Vandaag richten onderzoekers zich in het bijzonder op de vereniging van de algemene relativiteitstheorie en de kwantumfysica. Dat houdt in dat ze de zwaartekracht willen incorporeren in het standaardmodel voor elementaire deeltjes. Daarnaast buigen ze zich over donkere materie (materie in het heelal die niet zichtbaar is) en donkere energie (de energie die ervoor zou zorgen dat het universum met een toenemende snelheid uitbreidt).

Hoe pakken we dit aan?

De aanpak van deze uitdaging is enerzijds theoretisch en anderzijds experimenteel. Hij is ook globaal: de problematieken zijn universeel en geven aanleiding tot intense internationale samenwerking.
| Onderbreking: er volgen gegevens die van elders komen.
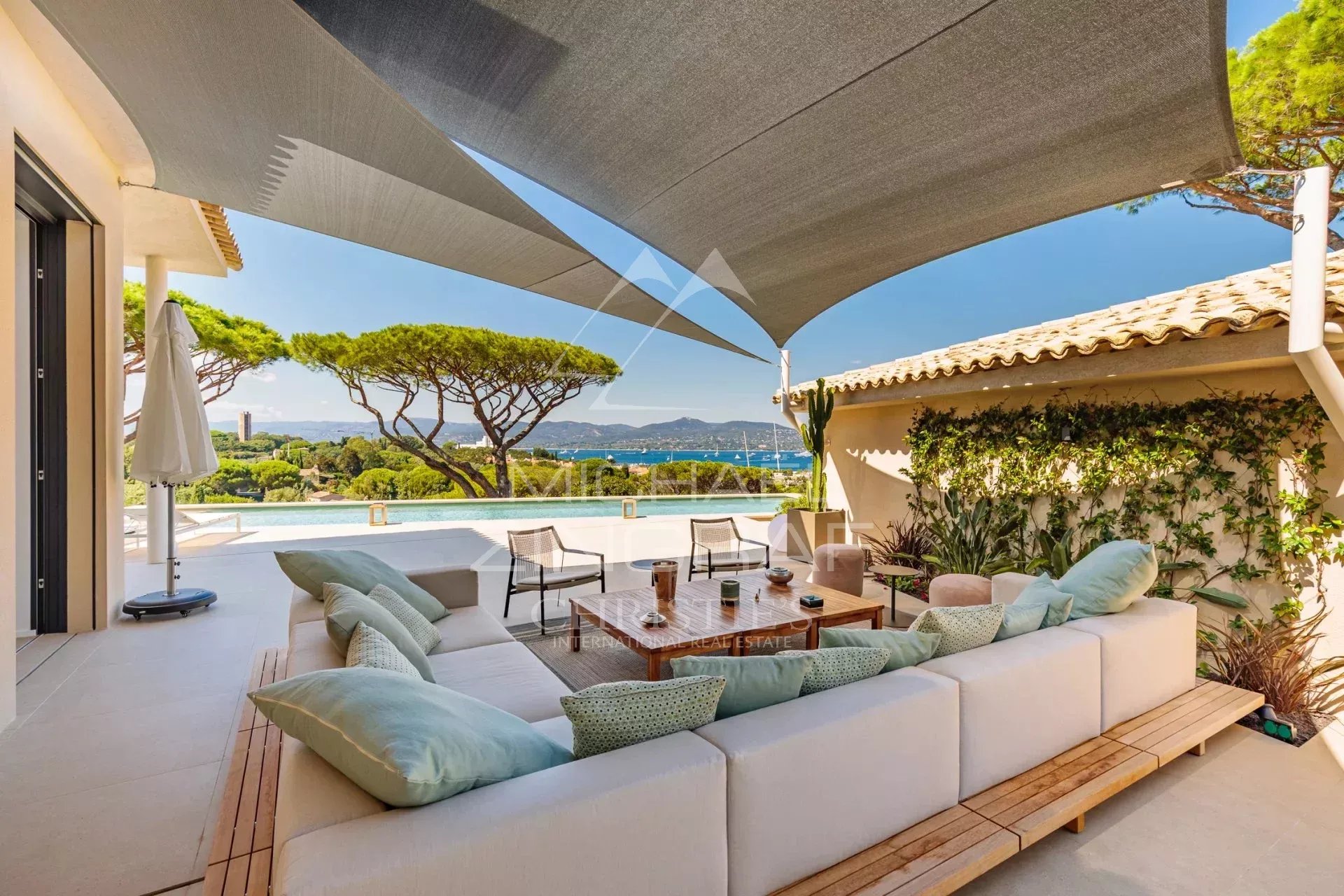 Villa contemporaine avec vue mer à Saint-Tropez Terrasse d'une villa contemporaine avec vue sur la mer à Saint-Tropez, salon extérieur élégant.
Het theoretisch fysisch onderzoek in Vlaanderen steunt op een brede en diepe expertise, en is ingebed in performante internationale netwerken. Om experimenteel en observationeel onderzoek te voeren, hebben de Vlaamse onderzoeksteams toegang tot de beste onderzoeksfaciliteiten. Denk maar aan het CERN, de Europese onderzoeksorganisatie die met deeltjesversnellers onderzoek doet naar elementaire deeltjes. Of aan de Europese Zuidelijke Sterrenwacht (ESO), die zich bezighoudt met astronomie. Ook op het vlak van ruimtevaart zijn Vlaamse onderzoeks­teams, via de Europese Ruimtevaart­organisatie ESA, betrokken bij tal van fundamentele onderzoeksprojecten.
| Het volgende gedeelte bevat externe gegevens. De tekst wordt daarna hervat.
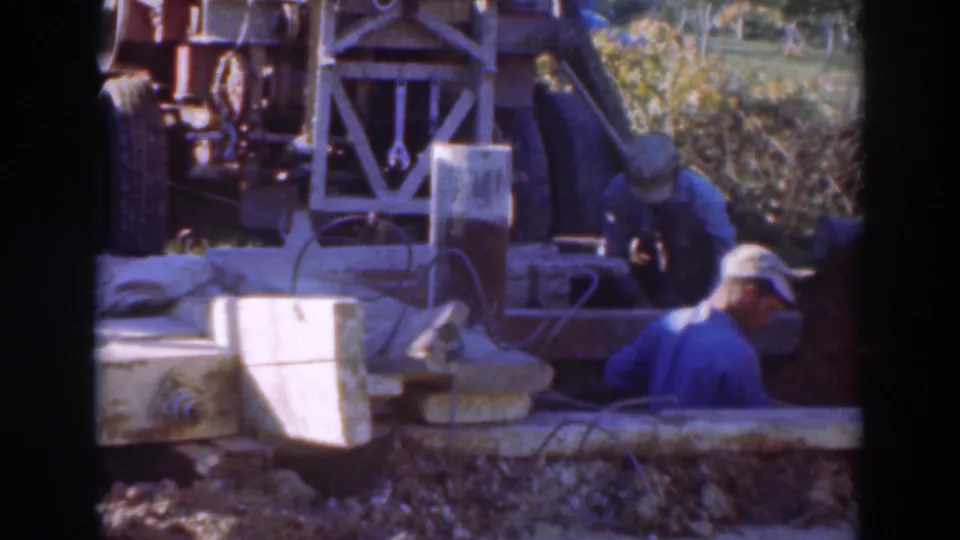 A worker in blue moves across the foreground at a Sacramento construction site, with drilling machinery and trench materials behind him.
De komende tien jaar is er substantiële vooruitgang mogelijk dankzij de geplande versterking van de onderzoeksinstrumenten. Zo zal het CERN het energiebereik van de Large Hadron Collider verhogen, de grootste en krachtigste deeltjesversneller ter wereld. Dat zal hopelijk aanleiding geven tot duidelijke aanwijzingen voor een nieuwe fysica voorbij het standaardmodel voor elementaire deeltjes dat vandaag gehanteerd wordt. Bij de ESO wordt tegen 2024 de European Large Telescope gebouwd, die in staat moet zijn om signalen van de verste en dus oudste, misschien zelfs de eerste, objecten te analyseren, en die de planeten rond nabije sterren in kaart kan brengen.
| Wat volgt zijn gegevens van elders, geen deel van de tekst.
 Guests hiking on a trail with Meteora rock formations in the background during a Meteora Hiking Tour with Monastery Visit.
Er is vandaag ook een revolutie aan de gang rond multi-messenger sterrenkunde. Om een beeld te krijgen van hoe ons universum werkt, gebruiken we informatie uit de elektromagnetische golven (licht) die de sterren uitsturen. Licht is dus een ‘messenger’ van informatie. Om onze kennis van het universum te vergroten, maken we sinds kort ook gebruik van andere messengers, zoals neutrino’s – heel lichte ongeladen deeltjes materie – en zwaartekrachtgolven – rimpels in de ruimtetijd, die ontstaan bij kosmische gebeurtenissen zoals samensmeltende zwarte gaten of twee zware hemellichamen die op korte afstand om elkaar heen draaien. Bijzonder beloftevol in dat opzicht zijn de plannen voor de Einstein-telescoop, die zwaartekrachtgolven kan detecteren. Als de Einstein-telescoop werkelijkheid wordt, is er misschien een belangrijke rol weggelegd voor Vlaamse onderzoekers. Vlaamse onderzoeksteams zijn verder betrokken bij het IceCube observatorium op de Zuidpool, een constructie die neutrino’s uit de ruimte detecteert.